TN- Hoje em dia sente alguma falta do português?

R: Eu gosto muito da nossa língua, quando eu encontro uma pessoa na qual eu posso falar em português é bom. Nós somos diferentes, comunicativos, não sei, nosso coração é diferente, por exemplo: Você não olha para um negro com raiva, você olha com pena, por que agora não é ele que está passando necessidades, mas foram os pais, avós. É uma pena, a África é linda, eu adoro a África do sul. Talvez seja por que tenho meus filhos e netos aqui, não tenho coragem de deixar ela sozinha de jeito nenhum.

TN- Interessante é ver a quantidade de brasileiros que a senhora conhece, nos conte como começou esta relação de amizade?

R: Nós fazíamos pastel e na época o Cosme pediu autorização para o embaixador deixar nós vendermos o pastel na embaixada.
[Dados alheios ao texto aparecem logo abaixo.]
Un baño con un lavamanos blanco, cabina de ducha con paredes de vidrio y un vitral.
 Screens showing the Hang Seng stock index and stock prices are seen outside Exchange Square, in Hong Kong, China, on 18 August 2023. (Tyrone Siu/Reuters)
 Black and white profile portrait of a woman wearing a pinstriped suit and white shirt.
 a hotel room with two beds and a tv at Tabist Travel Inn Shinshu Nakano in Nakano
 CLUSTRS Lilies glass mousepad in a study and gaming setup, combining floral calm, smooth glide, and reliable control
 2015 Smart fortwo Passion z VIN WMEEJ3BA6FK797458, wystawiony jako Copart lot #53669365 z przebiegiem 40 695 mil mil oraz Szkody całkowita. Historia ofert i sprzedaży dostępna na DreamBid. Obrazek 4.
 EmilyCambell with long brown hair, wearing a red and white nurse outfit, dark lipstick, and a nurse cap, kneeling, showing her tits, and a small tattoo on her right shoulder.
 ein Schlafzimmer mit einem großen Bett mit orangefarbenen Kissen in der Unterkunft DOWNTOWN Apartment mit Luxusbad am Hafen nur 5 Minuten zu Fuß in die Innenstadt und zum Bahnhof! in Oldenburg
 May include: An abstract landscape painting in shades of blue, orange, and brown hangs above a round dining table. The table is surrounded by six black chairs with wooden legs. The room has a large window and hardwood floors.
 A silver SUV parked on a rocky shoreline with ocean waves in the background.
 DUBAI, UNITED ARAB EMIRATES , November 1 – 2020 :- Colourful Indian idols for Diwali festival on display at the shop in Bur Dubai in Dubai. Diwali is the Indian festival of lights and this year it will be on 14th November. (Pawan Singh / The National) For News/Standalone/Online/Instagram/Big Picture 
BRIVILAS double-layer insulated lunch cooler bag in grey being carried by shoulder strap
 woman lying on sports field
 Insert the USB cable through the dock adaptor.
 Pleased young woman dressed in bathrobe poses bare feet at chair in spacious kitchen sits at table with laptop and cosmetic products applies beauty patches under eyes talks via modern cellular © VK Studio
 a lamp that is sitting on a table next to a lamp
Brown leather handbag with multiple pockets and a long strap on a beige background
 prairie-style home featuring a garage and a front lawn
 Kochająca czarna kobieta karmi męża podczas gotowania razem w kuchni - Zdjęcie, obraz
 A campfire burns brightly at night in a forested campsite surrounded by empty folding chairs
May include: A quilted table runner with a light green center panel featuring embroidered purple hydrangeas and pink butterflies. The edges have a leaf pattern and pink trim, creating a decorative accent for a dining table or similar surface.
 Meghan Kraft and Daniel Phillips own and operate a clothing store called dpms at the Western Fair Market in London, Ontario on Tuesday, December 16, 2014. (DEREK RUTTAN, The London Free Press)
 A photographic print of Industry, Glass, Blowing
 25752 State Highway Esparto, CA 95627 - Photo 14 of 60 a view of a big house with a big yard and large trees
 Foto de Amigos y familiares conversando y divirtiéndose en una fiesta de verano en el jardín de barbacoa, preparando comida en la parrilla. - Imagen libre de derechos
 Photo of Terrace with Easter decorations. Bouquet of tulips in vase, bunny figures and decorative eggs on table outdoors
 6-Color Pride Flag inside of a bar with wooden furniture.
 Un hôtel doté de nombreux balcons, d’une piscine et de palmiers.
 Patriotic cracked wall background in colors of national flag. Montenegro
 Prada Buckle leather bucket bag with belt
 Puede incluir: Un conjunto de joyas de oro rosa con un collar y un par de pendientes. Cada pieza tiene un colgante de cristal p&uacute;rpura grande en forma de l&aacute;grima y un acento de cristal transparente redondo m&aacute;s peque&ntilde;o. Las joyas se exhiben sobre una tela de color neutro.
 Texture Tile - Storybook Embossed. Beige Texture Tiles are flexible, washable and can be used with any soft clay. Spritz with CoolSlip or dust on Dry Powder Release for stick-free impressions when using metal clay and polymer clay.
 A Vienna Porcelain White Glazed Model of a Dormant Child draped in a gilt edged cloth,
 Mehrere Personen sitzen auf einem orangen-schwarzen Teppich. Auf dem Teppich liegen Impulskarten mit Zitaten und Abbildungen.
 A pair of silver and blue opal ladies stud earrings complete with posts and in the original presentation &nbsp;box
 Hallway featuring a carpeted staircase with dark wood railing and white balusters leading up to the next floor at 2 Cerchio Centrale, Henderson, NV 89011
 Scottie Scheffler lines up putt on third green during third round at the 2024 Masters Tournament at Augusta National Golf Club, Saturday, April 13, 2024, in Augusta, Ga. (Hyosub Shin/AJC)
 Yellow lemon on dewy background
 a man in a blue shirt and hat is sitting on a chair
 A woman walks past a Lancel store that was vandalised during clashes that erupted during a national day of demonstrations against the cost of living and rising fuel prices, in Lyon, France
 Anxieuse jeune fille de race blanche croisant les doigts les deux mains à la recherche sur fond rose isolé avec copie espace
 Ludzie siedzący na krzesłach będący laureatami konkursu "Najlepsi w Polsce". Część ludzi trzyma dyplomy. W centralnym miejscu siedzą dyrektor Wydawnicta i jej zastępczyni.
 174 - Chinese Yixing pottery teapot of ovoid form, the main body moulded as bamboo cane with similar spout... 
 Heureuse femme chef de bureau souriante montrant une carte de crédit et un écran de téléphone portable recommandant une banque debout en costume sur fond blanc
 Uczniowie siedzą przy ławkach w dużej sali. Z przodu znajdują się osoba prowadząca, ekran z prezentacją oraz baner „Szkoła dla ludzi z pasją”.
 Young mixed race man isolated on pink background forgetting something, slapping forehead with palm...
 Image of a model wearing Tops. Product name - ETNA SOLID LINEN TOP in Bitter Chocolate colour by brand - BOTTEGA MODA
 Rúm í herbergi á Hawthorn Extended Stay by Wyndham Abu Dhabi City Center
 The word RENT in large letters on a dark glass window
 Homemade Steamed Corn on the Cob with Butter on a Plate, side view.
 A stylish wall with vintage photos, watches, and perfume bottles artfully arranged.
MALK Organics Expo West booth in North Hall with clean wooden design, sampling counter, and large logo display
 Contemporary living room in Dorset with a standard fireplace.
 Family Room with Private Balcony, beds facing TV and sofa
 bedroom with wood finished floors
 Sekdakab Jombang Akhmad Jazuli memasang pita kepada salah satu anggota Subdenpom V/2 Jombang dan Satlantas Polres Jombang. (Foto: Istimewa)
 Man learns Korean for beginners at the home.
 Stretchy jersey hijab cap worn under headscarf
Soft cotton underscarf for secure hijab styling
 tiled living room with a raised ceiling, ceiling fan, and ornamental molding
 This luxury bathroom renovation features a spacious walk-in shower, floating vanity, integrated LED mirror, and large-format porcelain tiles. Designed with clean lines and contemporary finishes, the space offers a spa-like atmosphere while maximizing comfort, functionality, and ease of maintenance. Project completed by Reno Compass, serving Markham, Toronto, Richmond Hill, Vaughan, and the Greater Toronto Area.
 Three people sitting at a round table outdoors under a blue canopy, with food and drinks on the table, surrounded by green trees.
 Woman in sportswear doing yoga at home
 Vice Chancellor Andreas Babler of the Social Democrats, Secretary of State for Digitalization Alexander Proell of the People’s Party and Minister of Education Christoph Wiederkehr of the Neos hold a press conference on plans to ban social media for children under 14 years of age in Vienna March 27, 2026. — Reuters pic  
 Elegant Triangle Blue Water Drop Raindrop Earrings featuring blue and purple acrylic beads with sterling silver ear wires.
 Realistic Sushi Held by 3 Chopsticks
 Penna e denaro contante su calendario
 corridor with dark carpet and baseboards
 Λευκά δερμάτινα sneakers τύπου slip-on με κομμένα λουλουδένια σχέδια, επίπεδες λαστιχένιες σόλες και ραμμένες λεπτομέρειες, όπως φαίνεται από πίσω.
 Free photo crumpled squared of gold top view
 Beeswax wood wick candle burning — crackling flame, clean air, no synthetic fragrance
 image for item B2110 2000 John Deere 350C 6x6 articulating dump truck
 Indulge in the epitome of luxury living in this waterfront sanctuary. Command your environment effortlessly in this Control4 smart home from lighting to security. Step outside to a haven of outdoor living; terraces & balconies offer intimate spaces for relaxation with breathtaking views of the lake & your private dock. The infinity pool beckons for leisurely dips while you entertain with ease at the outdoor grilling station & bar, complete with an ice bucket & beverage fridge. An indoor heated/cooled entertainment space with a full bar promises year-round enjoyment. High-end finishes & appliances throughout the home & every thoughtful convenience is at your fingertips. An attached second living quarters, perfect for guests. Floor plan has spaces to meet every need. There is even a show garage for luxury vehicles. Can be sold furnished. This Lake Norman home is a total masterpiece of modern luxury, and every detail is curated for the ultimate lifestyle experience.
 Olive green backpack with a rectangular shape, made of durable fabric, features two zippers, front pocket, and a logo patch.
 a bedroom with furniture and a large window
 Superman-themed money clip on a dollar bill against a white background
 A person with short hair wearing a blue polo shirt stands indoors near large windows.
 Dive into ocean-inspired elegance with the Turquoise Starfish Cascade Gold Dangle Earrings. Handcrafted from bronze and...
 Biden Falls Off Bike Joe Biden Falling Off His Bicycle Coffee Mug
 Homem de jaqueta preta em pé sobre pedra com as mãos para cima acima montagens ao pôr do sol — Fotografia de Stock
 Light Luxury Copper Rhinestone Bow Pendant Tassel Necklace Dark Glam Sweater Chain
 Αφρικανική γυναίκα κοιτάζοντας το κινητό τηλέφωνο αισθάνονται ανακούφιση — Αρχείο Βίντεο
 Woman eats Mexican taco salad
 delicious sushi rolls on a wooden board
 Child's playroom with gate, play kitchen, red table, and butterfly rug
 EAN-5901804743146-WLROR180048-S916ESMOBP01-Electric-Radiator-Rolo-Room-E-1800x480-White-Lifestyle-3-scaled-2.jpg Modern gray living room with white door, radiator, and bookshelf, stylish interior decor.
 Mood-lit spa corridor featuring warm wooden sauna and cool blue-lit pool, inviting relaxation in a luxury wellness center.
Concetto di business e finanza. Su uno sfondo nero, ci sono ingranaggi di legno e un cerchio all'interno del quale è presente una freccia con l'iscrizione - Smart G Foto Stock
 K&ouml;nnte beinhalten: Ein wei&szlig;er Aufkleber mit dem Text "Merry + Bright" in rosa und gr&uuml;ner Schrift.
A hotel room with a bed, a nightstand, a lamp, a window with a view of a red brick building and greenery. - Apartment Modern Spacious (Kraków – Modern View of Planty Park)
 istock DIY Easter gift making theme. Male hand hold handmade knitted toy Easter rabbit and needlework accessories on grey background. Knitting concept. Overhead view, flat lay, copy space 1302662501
O pedido foi concedido e daí comecei a conhecer comandantes, coronéis, funcionários e com isso já estávamos inseridos no ciclo.

TN- Há quarenta e seis anos vivendo aqui, a senhora se sente mais brasileira ou sul-africana?

R: Não gosto do Brasil, vou ser franca. Meu marido se aposentou e nós voltamos para o Brasil, pois ele disse que queria morrer na terra dele. Vendemos tudo que nós tínhamos e saímos da casa somente com as malas. Mas não adiantou não nos acostumamos. Tenho filhos e netos aqui, eles me ligavam e falavam para nós voltarmos. O meu neto me escrevia cada carta. Um natal eles foram passar conosco, lá resolvemos vender tudo de novo e assim voltamos com eles.